Given its high profile backers, SpaceShipOne was seemingly a prohibitive favorite for the prize from the start. But Diamandis rejects the idea that the project had an unfair advantage.
“We weren’t just measuring technological innovation, but also the team’s ability to navigate regulatory fronts and raise money,” he said. “They just had the strongest team. They took a substantial lead and kept it.”.
Guthrie, who analyzes SpaceShipOne’s development in detail in her book, agreed.
“It was definitely the best funded, but their advantage was also intellectual,” she said.
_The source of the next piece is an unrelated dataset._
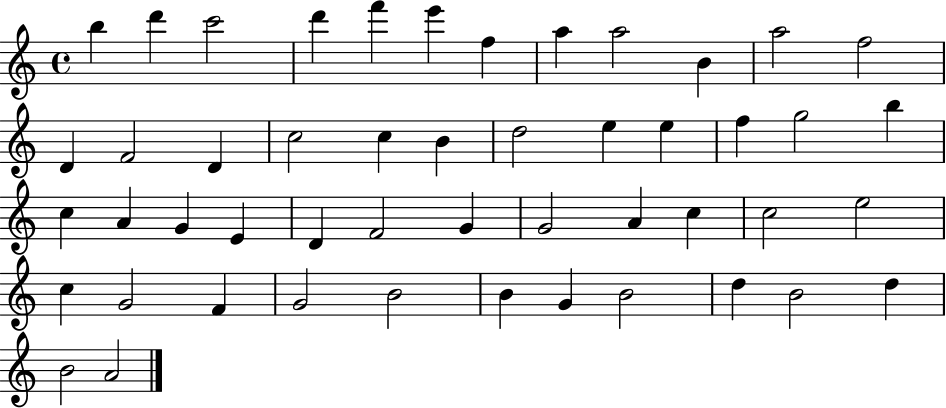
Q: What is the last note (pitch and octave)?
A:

Branson’s eventual involvement in Allen and Rutan’s project actually ended up legitimizing private spaceflight as an industry, according to Diamandis.
“It assured that the competition would lead to commercial spaceflight,” he said. “SpaceShipOne would’ve been a historic moment in any case, but it couldn’t be a commercial endeavor without funding.”
“Thousands of years from now we’re gonna look back on the next couple decades as the moment we moved off the planet irreversibly.” – Peter Diamandis
The success of the XPRIZE ended up inspiring other business magnates like Elon Musk and Jeff Bezos (both friends of Diamandis) to enter the world of commercial spaceflight. Musk in particular has interstellar ambitions—he funded the XPRIZE before founding his space transport services company SpaceX, which is facing renewed scrutiny following the recent explosion of its Falcon 9 rocket, which was carrying a $200 million Facebook satellite.
Both Diamandis and Guthrie, who interviewed Musk for her book, believe SpaceX will rebound from this incident.
“Elon’s one of the smartest people I’ve ever met,” Diamandis said. “They will figure out and overcome the failure, and remain a dominant force in the industry.”
“Failures are necessary to make the great leap forward,” Guthrie added.
Since its initial “great leap,” XPRIZE has sponsored 13 other competitions designed to encourage research and development into complex technological problems. The most high profile current contest is the Google Lunar XPRIZE, which will be awarded to the first team that is able to land a robot on the moon which can travel 500 meters on its surface and transmit video back to Earth.
Diamandis predicts that space will develop as an “economic engine” now that private spaceflight has more mainstream acceptance.
“Thousands of years from now we’re gonna look back on the next couple decades as the moment we moved off the planet irreversibly,” he said. “We’re gonna be a multi-planetary species.”